In personal terms, most of us came to live this way driven by a few different motivators. 1) We were devastated, disgusted, distraught and outraged at the various versions of Western culture we came from. 2) It wasn't enough to just simply complain about the state of the world, put some bandaids on the mortal wound, paint some pretty colors on the destruction vehicles, or dance in the halls just outside of the torture chambers. We wanted to be in (and create if necessary) a culture that we could feel proud to serve and enjoy, and feel excited about birthing children in. 3) We wanted to learn how to grow our own food organically and sustainably. 4) We wanted to be able to eat raw food all year round directly from the trees. 5) We wanted to escape, lick our wounds, and rebel. 6) We wanted family, tribe, or community. 7) We wanted to save the world.
Each of us would tell our story a bit differently, but in general, each of us were led to Pangaia by a synthesis of all of these factors-part moving away from pain, part moving towards pleasure.

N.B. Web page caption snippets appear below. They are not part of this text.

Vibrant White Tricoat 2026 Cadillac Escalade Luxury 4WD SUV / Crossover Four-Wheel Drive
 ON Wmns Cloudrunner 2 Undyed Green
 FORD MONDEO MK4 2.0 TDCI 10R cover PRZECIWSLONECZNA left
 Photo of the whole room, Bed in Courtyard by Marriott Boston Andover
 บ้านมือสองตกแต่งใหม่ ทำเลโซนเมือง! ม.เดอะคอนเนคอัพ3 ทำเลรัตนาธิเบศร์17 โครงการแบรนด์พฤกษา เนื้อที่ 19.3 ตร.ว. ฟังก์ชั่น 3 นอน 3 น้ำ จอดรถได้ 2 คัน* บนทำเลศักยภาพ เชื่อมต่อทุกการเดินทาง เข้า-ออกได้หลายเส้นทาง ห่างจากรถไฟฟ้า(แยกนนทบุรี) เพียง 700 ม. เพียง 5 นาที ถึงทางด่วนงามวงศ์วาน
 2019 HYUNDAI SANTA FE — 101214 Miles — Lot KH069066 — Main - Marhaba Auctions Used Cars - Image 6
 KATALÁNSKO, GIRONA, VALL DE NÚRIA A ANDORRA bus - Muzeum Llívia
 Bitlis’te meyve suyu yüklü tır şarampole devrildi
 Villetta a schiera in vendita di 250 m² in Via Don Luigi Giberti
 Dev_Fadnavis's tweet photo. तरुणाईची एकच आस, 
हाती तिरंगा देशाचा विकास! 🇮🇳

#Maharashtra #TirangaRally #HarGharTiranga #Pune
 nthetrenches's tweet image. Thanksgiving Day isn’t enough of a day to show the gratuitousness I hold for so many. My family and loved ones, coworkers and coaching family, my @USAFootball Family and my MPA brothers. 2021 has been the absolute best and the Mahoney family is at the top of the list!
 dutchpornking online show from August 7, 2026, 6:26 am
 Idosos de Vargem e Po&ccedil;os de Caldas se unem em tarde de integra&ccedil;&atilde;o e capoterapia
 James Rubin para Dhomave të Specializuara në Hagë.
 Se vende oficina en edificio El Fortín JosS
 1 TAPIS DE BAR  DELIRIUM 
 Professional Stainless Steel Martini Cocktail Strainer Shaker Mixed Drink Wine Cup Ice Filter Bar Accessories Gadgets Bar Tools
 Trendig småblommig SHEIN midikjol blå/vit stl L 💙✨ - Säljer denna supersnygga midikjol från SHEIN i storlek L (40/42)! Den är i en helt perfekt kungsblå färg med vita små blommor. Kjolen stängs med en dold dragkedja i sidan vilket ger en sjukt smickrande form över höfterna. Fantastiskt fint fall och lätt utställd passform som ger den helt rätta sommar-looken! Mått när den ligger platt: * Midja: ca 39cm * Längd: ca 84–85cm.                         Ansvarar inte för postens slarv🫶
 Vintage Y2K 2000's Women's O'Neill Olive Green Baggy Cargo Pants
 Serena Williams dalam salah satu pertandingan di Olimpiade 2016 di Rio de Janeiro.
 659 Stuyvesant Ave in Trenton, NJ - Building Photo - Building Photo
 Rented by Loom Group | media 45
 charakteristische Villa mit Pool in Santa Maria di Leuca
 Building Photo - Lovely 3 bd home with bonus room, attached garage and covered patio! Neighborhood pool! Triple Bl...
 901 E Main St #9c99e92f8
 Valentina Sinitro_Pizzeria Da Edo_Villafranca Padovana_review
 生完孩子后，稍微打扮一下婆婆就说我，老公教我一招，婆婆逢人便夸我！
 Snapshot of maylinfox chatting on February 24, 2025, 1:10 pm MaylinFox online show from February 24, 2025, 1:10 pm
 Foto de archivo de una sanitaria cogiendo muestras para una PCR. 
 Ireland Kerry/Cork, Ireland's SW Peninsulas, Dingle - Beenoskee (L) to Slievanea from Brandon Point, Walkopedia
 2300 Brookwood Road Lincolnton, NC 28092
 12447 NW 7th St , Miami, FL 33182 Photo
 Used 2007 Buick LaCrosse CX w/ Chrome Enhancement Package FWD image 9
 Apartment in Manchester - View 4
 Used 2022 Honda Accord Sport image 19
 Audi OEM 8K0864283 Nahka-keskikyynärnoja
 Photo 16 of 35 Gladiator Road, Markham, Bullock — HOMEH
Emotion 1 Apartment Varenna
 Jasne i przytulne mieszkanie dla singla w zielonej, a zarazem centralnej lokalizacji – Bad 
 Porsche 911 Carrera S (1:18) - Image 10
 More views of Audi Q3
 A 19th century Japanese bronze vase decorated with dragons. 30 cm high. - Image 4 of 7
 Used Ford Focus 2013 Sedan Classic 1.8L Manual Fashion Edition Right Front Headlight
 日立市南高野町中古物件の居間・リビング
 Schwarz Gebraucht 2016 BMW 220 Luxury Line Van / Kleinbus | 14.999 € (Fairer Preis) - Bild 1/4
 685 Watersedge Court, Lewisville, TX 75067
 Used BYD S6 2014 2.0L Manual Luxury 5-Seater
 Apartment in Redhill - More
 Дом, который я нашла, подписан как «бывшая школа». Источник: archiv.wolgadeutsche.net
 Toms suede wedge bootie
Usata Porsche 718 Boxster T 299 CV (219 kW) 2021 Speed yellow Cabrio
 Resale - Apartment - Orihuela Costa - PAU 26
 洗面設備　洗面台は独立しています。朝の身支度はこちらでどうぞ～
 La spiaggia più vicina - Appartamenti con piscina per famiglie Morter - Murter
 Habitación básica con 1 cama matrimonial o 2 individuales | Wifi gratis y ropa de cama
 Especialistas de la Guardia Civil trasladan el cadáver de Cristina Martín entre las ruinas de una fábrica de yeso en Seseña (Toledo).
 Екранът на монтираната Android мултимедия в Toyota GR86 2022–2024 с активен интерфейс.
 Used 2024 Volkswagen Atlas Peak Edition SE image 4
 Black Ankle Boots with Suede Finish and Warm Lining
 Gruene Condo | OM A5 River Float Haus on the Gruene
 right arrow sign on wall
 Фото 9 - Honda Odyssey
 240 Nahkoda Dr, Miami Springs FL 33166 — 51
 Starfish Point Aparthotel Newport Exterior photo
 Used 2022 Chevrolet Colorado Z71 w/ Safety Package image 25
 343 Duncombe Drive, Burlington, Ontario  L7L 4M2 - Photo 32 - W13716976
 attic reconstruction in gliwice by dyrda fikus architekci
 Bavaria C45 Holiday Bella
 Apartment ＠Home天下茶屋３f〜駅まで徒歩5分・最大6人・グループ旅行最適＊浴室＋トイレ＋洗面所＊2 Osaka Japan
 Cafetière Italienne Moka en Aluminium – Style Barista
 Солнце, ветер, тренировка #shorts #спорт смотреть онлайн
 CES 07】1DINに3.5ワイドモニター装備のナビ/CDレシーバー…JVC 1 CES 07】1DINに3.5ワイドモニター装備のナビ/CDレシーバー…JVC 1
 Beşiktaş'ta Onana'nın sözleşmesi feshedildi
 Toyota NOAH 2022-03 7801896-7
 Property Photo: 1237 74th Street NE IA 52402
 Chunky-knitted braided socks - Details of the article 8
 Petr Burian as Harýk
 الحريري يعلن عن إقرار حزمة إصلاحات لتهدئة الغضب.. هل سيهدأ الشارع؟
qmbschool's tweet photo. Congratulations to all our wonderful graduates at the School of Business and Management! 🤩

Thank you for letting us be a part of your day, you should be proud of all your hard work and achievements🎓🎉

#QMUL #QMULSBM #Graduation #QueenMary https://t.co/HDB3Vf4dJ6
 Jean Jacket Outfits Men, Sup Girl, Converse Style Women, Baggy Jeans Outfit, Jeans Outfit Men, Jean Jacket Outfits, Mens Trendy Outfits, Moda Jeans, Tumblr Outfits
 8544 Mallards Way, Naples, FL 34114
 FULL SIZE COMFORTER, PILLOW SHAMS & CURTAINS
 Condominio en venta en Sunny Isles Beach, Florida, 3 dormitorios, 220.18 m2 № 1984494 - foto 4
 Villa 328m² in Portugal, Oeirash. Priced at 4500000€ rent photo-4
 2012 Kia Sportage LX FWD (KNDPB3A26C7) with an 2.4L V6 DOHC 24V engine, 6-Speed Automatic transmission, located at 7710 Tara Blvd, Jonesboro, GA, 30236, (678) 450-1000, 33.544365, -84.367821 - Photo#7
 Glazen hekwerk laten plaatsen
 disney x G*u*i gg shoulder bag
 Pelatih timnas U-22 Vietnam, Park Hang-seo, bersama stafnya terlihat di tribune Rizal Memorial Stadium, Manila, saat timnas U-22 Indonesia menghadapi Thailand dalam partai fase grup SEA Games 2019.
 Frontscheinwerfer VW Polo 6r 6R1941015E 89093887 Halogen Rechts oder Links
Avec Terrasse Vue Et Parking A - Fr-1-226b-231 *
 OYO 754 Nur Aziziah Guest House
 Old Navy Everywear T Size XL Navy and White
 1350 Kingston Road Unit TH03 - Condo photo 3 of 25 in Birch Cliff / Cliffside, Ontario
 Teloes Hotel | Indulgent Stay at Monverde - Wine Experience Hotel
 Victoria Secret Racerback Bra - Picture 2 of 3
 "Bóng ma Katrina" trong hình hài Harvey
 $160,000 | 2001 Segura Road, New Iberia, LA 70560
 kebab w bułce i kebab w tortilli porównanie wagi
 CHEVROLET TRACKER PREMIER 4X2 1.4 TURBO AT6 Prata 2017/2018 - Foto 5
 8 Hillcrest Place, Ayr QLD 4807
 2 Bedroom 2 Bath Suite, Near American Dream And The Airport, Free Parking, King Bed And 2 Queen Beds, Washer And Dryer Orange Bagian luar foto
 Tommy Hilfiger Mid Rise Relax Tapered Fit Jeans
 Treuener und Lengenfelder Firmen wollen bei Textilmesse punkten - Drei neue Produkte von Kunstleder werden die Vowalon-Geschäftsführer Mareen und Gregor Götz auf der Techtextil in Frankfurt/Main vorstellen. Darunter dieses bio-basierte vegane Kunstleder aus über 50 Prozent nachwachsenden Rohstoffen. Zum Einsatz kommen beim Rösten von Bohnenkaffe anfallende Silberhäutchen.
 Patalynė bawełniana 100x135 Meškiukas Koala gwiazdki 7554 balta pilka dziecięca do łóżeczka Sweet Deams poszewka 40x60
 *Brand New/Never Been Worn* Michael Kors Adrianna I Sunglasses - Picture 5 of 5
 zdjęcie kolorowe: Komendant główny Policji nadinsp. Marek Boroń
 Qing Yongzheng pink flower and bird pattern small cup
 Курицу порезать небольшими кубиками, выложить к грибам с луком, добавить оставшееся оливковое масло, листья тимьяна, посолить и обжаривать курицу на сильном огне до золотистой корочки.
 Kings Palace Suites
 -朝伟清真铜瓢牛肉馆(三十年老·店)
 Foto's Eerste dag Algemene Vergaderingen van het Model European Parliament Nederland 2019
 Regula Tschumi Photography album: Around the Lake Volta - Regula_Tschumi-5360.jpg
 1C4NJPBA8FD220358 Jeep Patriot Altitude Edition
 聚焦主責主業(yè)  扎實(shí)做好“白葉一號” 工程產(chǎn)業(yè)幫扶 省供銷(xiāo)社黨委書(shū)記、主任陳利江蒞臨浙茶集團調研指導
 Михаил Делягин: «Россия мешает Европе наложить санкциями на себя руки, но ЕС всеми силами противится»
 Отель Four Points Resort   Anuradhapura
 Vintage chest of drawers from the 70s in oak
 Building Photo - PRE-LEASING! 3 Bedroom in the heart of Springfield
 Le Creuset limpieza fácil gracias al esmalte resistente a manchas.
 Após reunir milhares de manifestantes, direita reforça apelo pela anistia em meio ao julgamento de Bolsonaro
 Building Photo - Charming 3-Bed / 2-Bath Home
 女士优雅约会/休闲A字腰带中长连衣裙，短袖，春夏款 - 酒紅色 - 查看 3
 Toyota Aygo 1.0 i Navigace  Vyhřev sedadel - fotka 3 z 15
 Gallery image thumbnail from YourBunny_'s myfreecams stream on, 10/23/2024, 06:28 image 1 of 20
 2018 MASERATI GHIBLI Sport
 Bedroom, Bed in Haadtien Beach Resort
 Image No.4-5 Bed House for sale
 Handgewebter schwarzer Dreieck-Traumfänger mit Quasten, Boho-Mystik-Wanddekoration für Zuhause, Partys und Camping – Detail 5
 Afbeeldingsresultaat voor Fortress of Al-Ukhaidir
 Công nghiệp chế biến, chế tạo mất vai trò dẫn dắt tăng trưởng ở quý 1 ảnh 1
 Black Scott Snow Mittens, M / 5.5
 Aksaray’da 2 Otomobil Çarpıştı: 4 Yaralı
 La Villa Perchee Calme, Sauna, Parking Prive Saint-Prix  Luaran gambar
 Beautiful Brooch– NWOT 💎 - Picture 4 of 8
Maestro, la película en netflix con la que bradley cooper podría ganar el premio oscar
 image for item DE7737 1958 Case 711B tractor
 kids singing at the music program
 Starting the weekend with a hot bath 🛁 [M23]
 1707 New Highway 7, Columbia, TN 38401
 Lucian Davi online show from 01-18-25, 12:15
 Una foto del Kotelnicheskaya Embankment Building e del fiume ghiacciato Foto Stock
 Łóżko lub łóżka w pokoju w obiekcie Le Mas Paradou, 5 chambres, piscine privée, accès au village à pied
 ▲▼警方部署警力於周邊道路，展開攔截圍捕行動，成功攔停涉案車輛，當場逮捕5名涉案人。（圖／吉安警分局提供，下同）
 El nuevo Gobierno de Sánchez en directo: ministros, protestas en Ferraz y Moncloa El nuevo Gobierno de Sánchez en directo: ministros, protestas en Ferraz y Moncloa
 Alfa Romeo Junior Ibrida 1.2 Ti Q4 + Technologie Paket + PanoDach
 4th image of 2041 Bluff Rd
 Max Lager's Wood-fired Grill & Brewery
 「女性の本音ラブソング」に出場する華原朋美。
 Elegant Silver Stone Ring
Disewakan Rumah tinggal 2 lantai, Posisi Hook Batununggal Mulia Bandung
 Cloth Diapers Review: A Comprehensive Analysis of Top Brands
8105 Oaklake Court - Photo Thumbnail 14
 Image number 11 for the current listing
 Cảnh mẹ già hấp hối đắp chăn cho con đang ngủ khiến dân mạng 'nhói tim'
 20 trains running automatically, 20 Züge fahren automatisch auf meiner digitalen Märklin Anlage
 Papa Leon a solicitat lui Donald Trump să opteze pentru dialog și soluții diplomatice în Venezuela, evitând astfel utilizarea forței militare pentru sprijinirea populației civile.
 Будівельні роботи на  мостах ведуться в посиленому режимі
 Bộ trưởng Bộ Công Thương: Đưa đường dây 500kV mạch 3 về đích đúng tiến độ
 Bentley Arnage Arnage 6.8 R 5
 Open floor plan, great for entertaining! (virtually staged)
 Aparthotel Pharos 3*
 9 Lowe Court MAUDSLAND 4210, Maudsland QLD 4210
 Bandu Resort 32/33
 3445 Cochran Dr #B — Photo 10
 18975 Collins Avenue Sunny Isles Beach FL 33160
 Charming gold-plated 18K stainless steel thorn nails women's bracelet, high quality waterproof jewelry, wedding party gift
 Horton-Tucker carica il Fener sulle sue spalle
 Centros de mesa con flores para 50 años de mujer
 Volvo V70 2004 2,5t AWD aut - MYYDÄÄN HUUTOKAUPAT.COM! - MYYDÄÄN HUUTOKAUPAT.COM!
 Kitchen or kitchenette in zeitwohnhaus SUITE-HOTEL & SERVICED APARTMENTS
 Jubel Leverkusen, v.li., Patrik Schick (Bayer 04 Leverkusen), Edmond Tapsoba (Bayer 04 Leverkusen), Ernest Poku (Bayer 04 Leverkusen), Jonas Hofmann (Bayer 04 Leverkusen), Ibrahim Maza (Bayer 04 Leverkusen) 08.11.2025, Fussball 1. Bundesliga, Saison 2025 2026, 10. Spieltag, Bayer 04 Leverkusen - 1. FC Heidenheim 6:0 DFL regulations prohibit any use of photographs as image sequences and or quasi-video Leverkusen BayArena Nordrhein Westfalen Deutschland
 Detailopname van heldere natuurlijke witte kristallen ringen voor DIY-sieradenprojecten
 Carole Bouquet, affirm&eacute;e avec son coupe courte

Now that we are here and living the life, our understanding and practice of permaculture has changed and continues to change. Why we do it is different too. Again, for each of us it's unique, but in general, we find great joy and purpose in working ("landancing") together; in being in direct relationship with what sustains us through foraging, gardening, animal husbandry, and coconut climbing; and in designing and creating all the different aspects of our life with the people we live with at the place we live. It's intimate-we get to see the results of what we do quickly and learn from our mistakes together.
What you just read probably pretty well describes how most anyone living at any permaculture homestead would feel. The main distinguishing aspects of Pangaia is that we are integrating a raw food lifestyle and inspiring and challenging social experiments into our version of tropical permaculture.
We personally feel that living in and maintaining a raw food, sustainable lifestyle is easier, more efficient, more natural, and of greater benefit than a cooked food lifestyle. (This is in no way indicates that we believe a cooked food culture can't be made sustainable.) There's a lot more about raw and cooked food to discuss, but for now we'll just leave it as a simple statement.
There are so many ways to live on Earth. And there are a lot of ways that are enjoyable to the people living them. But amongst those, only some of them are sustainable for the Earth or whole cultures.
That's really it; we want to enjoy our lives AND have it be sustainable as well-a way of living that everyone on Earth could do for generations on end and the results would be that individuals, cultures, ecosystems, and the Earth herself would be more fertile, more diverse, more beautiful, and more pleasurable. A lofty dream, but someone's got to grow it.